Une ambiguïté concerne le mot « Pakistan ». Né dans les années trente, il a une connotation géographique : Pandjab, Afghania, Kashmir, Indus-Sind et BalouchisTAN. Pas de B dans le mot Pakistan qui n’est composé que de la partie ouest du Pakistan, excluant les Bengalis. Or, en 1947, il y a plus de Bengalis que de « Pakistanais » (55% de gens qui vivent au Bengale, 45% dans ce qui va devenir le Pakistan occidental). Cet Etat-nation, créé pour représenter les intérêts d’une minorité musulmane du sous-continent « oublie » donc, dans le sigle de son pays plus de la moitié de ses habitants !
C’est dans le creux de cette histoire que naissent l’ensemble des paradoxes qui expliquent, comme vous le disiez, la naissance difficile du Pakistan :
Paradoxe d’un pays créé en tant que nation mais qui n’est qu’un Etat (on a oublié la moitié de la nation dans le sigle). L’histoire va d’ailleurs se venger puisqu’en 1971, les Bangladeshis prennent leur indépendance. C’est le deuxième grand trauma de l’histoire du Pakistan.
Comment faire tenir un Etat sans nation ? Même l’administration la plus forte ne peut y parvenir, il y faut l’armée. De ce point de vue, l’armée – qu’on l’aime ou qu’on ne l’aime pas – a une fonction historique d’unité pakistanaise. Sans armée, pas de Pakistan.

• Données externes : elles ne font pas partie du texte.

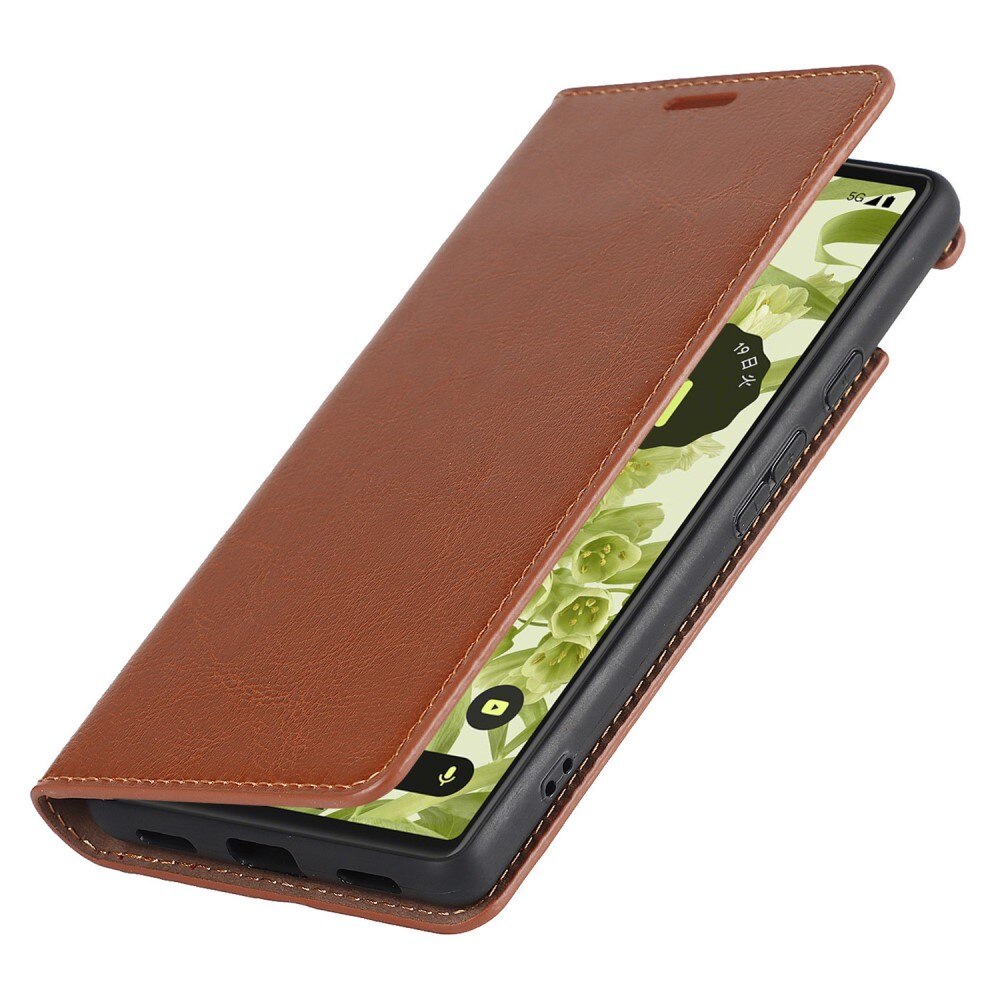 Cover Portafoglio in vera pelle Google Pixel 6a marrone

Et sans Pandjab, pas de Pakistan ! Les Pandjabis, compte tenu de leur importance démographique de l’époque, sont les seuls qui puissent organiser autour de l’aile occidentale quelque chose qui fasse du Pakistan une unité viable. On a donc un deuxième paradoxe : ce pays va se former autour d’une minorité importante : les Pandjabis. Autour des années cinquante, plus de la moitié de l’administration sera constamment pandjabie au Pakistan. Or c’est un pays très divers.

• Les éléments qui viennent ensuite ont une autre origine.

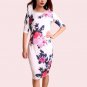 free ship Women Elegant Dress Floral Print Work 2018/Medium/Large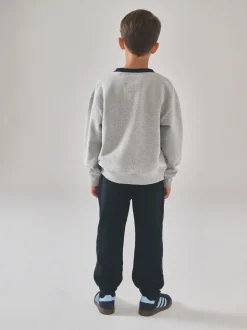 Superdry Grey/Navy Sweat Top & Shorts Set
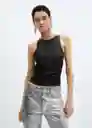 Top Xrolly Negro Talla S Mujer Mango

Le dernier paradoxe, très important, concerne la politique étrangère. Le Pakistan, légitimement, aspire à devenir une grande nation. En tant que pays musulman, il a la possibilité de se greffer sur l’oumma internationale. Mais il a besoin d’échapper à l’Inde. S’il est constamment renvoyé aux marges du sous-continent, il ne peut prétendre à être une grande nation, surtout après 1971, quand le Bengladesh s’en sépare. La chute de l’URSS va lui permettre de vivre ce grand rêve, de s’étendre vers le nord. On sait comment ça s’est terminé. L’échec de cette politique – à mon avis légitime – d’un Pakistan destiné à essayer d’échapper à son voisin, est dû au paradoxe de sa construction. Si on échappe à son voisin, on perd son ennemi, mais le Pakistan n’a-t-il pas besoin d’un ennemi pour survivre ? L’armée a besoin de dire qu’elle a un ennemi pour s’affirmer comme le grand défenseur des intérêts du Pakistan.

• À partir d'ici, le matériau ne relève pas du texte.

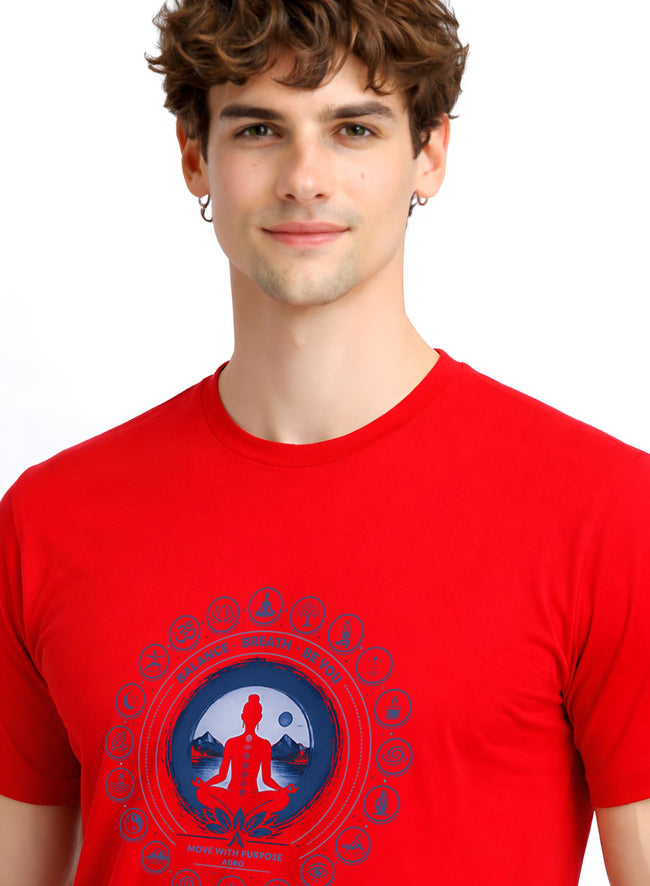 Men Red Printed Casual T-Shirt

Ce ne sont que quelques-uns des problèmes qui font de ce pays l’une des constructions nationales les plus complexes à saisir. La politique pakistanaise est schizophrénique dans beaucoup de domaines. En même temps, c’est un pays très attachant. La plupart des Pakistanais aspirent à une vie normale. Mais ils n’y arrivent pas.